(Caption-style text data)
◆ ◆ ◆ ◆
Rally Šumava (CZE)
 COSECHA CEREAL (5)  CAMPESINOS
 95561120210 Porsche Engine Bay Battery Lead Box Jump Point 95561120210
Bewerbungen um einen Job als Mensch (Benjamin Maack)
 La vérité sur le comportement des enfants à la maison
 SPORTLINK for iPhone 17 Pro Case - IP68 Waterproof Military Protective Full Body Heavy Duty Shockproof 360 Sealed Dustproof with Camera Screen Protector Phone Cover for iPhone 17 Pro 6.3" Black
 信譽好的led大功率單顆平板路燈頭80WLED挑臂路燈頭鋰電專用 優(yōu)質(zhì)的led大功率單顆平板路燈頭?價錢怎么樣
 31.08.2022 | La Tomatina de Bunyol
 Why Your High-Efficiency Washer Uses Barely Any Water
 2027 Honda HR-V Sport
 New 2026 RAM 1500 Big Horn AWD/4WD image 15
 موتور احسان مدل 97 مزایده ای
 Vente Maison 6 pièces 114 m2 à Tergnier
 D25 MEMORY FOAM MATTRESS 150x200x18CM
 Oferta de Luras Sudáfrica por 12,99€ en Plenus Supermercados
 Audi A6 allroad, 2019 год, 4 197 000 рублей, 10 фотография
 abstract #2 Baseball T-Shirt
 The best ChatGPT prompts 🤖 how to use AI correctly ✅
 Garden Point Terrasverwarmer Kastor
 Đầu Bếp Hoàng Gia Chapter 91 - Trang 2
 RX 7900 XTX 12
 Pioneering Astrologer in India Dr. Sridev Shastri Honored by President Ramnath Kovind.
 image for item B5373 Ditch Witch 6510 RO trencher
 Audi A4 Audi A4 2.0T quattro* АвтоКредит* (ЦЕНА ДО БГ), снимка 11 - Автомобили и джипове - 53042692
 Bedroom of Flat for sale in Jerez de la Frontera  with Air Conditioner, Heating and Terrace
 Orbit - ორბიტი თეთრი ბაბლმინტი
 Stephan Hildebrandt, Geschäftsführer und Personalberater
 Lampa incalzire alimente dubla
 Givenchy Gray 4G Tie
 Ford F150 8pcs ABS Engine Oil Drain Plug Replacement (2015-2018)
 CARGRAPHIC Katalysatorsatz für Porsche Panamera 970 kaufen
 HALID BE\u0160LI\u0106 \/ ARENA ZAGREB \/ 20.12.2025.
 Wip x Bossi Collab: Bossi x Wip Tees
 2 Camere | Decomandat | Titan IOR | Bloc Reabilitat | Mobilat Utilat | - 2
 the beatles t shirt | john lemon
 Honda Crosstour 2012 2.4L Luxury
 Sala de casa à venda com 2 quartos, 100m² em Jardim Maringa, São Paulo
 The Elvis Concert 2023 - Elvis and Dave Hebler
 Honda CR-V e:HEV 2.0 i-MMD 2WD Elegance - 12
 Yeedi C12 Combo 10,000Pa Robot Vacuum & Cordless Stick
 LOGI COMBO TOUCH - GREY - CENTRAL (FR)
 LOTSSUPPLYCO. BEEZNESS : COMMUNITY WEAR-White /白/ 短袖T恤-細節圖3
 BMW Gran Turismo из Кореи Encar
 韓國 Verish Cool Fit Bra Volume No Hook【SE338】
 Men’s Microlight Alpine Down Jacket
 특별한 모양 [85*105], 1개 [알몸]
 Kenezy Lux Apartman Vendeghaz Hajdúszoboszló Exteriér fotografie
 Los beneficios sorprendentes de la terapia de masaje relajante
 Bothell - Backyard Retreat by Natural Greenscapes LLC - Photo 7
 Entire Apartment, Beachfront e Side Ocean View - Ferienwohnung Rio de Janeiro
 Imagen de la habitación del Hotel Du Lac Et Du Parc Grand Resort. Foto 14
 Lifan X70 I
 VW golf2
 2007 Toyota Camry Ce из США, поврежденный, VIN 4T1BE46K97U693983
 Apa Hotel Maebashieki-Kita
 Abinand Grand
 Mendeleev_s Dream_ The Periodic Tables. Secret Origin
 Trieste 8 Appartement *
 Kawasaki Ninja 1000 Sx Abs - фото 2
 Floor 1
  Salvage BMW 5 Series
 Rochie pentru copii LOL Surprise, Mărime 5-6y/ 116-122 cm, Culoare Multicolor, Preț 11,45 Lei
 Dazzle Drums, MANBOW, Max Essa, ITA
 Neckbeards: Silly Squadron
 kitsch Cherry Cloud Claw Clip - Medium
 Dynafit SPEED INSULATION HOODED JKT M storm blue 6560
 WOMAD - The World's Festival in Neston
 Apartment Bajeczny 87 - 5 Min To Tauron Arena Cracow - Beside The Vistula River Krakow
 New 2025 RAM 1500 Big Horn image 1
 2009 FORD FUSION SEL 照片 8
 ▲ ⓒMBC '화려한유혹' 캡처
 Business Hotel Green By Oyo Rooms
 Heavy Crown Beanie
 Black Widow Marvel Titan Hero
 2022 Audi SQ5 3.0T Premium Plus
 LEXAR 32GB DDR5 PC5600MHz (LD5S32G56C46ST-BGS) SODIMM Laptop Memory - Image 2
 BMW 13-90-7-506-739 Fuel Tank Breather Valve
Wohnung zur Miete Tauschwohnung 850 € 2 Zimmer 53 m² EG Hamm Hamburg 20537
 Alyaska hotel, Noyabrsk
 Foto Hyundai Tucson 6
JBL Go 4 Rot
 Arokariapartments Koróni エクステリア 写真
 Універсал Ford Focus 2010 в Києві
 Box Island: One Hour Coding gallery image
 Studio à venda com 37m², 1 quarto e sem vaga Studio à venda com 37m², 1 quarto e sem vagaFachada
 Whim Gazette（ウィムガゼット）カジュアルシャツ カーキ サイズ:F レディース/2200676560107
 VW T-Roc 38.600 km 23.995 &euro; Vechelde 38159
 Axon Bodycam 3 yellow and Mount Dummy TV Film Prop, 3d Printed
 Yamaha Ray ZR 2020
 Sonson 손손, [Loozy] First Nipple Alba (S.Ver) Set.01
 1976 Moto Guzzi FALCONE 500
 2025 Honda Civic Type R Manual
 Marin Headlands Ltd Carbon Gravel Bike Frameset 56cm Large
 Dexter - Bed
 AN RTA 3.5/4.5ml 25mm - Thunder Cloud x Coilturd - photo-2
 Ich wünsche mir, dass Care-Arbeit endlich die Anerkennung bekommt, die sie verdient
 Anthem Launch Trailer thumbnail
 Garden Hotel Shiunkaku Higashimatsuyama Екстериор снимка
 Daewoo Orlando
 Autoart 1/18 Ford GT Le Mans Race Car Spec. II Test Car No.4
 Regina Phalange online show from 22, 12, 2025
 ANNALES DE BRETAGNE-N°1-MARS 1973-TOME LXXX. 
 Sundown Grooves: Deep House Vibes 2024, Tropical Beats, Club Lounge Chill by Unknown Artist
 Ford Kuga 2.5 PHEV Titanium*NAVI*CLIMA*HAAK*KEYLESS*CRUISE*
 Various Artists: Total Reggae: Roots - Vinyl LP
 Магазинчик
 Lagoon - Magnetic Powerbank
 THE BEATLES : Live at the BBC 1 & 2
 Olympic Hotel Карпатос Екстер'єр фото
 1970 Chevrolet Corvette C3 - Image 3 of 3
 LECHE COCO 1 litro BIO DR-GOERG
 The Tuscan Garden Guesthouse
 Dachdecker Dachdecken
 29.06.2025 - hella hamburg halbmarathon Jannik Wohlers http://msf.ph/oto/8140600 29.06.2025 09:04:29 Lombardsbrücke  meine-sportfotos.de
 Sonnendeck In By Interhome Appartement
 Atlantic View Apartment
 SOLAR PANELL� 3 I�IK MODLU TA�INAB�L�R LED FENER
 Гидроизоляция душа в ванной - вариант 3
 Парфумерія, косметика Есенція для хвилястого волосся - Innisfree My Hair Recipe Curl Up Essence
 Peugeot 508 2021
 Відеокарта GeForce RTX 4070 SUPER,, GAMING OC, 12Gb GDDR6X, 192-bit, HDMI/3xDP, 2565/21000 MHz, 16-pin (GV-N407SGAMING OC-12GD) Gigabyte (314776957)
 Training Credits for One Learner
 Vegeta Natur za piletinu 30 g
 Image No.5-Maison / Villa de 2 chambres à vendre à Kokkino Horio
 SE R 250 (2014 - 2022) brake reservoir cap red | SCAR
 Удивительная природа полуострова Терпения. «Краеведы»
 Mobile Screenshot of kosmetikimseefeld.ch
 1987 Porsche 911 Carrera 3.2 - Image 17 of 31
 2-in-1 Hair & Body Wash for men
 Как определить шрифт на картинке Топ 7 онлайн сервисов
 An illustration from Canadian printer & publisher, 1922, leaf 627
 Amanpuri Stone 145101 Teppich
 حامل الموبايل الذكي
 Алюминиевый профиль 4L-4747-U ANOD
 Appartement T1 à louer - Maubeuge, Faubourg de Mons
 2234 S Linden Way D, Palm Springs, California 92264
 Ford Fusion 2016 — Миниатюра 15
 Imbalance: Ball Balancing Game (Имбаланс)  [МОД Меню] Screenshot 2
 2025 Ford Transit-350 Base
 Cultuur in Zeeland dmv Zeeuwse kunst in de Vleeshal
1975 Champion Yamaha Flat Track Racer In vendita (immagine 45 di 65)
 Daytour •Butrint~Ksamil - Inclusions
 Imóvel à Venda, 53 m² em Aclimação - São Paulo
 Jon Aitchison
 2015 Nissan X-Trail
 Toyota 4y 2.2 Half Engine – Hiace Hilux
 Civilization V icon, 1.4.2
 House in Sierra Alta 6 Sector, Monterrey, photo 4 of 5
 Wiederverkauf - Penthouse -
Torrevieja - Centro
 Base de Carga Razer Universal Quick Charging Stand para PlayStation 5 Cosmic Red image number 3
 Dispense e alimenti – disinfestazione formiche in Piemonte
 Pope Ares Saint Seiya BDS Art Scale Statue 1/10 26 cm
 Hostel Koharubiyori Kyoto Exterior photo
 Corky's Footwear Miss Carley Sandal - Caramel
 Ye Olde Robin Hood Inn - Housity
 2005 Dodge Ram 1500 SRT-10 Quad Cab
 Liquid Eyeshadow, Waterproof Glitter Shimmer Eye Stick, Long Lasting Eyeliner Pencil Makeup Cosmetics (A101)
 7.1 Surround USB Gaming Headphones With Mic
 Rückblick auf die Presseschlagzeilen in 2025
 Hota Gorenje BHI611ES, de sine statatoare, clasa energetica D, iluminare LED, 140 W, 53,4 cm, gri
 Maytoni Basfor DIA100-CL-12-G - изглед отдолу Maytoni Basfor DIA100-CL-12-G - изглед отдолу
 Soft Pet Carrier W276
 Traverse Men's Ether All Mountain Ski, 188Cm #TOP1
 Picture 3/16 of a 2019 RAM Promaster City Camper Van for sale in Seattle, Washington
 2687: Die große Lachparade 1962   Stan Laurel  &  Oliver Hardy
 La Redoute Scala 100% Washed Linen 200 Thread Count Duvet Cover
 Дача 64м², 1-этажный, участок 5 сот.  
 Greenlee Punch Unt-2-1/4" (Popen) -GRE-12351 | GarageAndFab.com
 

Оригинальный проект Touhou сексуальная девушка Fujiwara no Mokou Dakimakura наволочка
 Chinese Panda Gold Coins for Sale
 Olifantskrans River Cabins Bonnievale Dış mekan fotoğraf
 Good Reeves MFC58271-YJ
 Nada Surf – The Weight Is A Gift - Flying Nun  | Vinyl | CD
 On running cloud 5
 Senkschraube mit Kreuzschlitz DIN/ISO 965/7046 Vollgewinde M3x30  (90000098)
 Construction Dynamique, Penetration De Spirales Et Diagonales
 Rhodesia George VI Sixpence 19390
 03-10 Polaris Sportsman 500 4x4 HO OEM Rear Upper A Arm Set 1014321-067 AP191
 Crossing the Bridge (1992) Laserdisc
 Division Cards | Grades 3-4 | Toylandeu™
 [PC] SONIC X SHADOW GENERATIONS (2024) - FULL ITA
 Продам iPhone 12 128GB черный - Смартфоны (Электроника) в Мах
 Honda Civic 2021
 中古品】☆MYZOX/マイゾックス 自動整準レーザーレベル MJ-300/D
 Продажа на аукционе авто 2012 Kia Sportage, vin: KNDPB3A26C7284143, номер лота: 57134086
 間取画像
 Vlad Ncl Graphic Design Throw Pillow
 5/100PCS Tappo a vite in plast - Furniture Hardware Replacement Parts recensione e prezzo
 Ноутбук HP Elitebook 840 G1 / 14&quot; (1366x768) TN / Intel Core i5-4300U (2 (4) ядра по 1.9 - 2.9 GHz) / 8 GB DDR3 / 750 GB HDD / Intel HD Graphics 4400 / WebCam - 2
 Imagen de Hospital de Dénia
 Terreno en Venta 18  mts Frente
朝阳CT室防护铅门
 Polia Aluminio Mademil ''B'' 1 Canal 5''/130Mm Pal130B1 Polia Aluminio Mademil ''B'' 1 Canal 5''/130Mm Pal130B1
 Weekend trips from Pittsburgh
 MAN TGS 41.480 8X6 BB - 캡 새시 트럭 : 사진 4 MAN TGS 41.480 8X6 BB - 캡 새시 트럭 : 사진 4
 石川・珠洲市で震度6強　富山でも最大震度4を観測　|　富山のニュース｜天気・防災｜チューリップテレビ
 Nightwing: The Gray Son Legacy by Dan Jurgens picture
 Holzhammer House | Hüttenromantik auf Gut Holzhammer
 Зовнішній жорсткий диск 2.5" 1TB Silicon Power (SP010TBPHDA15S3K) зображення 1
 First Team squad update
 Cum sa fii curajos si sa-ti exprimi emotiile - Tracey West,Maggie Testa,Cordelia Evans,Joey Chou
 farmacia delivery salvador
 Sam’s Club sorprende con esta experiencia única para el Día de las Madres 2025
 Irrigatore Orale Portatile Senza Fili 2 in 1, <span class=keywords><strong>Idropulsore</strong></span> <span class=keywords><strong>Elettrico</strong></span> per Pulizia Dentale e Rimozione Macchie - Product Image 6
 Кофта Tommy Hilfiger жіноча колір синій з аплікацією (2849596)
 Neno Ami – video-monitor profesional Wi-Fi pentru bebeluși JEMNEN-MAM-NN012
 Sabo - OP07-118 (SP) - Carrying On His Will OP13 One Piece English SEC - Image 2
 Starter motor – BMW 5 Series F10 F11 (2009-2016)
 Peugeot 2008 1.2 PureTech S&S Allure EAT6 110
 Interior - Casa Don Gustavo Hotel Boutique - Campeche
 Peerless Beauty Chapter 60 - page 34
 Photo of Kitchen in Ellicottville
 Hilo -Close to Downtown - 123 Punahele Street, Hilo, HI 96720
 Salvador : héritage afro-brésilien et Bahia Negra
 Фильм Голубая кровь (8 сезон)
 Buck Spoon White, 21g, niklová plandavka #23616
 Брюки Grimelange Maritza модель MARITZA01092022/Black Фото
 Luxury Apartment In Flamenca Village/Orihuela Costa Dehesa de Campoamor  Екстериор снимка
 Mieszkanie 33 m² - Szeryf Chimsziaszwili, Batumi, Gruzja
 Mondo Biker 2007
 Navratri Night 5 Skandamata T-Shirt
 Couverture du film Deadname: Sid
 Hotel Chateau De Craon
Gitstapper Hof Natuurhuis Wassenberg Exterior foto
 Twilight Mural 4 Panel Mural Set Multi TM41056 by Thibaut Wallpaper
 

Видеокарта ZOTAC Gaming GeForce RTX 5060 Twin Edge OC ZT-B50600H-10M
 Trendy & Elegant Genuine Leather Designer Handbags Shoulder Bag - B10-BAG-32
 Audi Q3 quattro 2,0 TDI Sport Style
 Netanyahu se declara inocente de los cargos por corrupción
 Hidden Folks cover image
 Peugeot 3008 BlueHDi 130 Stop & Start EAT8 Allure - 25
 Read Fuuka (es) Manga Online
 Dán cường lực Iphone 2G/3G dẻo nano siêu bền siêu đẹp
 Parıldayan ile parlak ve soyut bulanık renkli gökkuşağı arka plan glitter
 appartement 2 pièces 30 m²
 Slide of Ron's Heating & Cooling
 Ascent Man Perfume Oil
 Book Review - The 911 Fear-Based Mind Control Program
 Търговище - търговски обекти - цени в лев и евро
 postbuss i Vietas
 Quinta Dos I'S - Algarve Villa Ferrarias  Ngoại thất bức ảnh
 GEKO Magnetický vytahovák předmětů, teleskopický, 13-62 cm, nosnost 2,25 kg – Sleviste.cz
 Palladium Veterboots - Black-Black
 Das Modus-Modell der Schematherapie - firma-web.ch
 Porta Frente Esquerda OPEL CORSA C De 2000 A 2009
◆ ◆ ◆ ◆
# BRIEF:
The answer is the run of lines above from the line containing "2 Camere | Decomandat" through the line containing "Salvage BMW 5 Series", copied exactly and alone.

# RESPONSE TO THIS TASK:
 2 Camere | Decomandat | Titan IOR | Bloc Reabilitat | Mobilat Utilat | - 2
 the beatles t shirt | john lemon
 Honda Crosstour 2012 2.4L Luxury
 Sala de casa à venda com 2 quartos, 100m² em Jardim Maringa, São Paulo
 The Elvis Concert 2023 - Elvis and Dave Hebler
 Honda CR-V e:HEV 2.0 i-MMD 2WD Elegance - 12
 Yeedi C12 Combo 10,000Pa Robot Vacuum & Cordless Stick
 LOGI COMBO TOUCH - GREY - CENTRAL (FR)
 LOTSSUPPLYCO. BEEZNESS : COMMUNITY WEAR-White /白/ 短袖T恤-細節圖3
 BMW Gran Turismo из Кореи Encar
 韓國 Verish Cool Fit Bra Volume No Hook【SE338】
 Men’s Microlight Alpine Down Jacket
 특별한 모양 [85*105], 1개 [알몸]
 Kenezy Lux Apartman Vendeghaz Hajdúszoboszló Exteriér fotografie
 Los beneficios sorprendentes de la terapia de masaje relajante
 Bothell - Backyard Retreat by Natural Greenscapes LLC - Photo 7
 Entire Apartment, Beachfront e Side Ocean View - Ferienwohnung Rio de Janeiro
 Imagen de la habitación del Hotel Du Lac Et Du Parc Grand Resort. Foto 14
 Lifan X70 I
 VW golf2
 2007 Toyota Camry Ce из США, поврежденный, VIN 4T1BE46K97U693983
 Apa Hotel Maebashieki-Kita
 Abinand Grand
 Mendeleev_s Dream_ The Periodic Tables. Secret Origin
 Trieste 8 Appartement *
 Kawasaki Ninja 1000 Sx Abs - фото 2
 Floor 1
  Salvage BMW 5 Series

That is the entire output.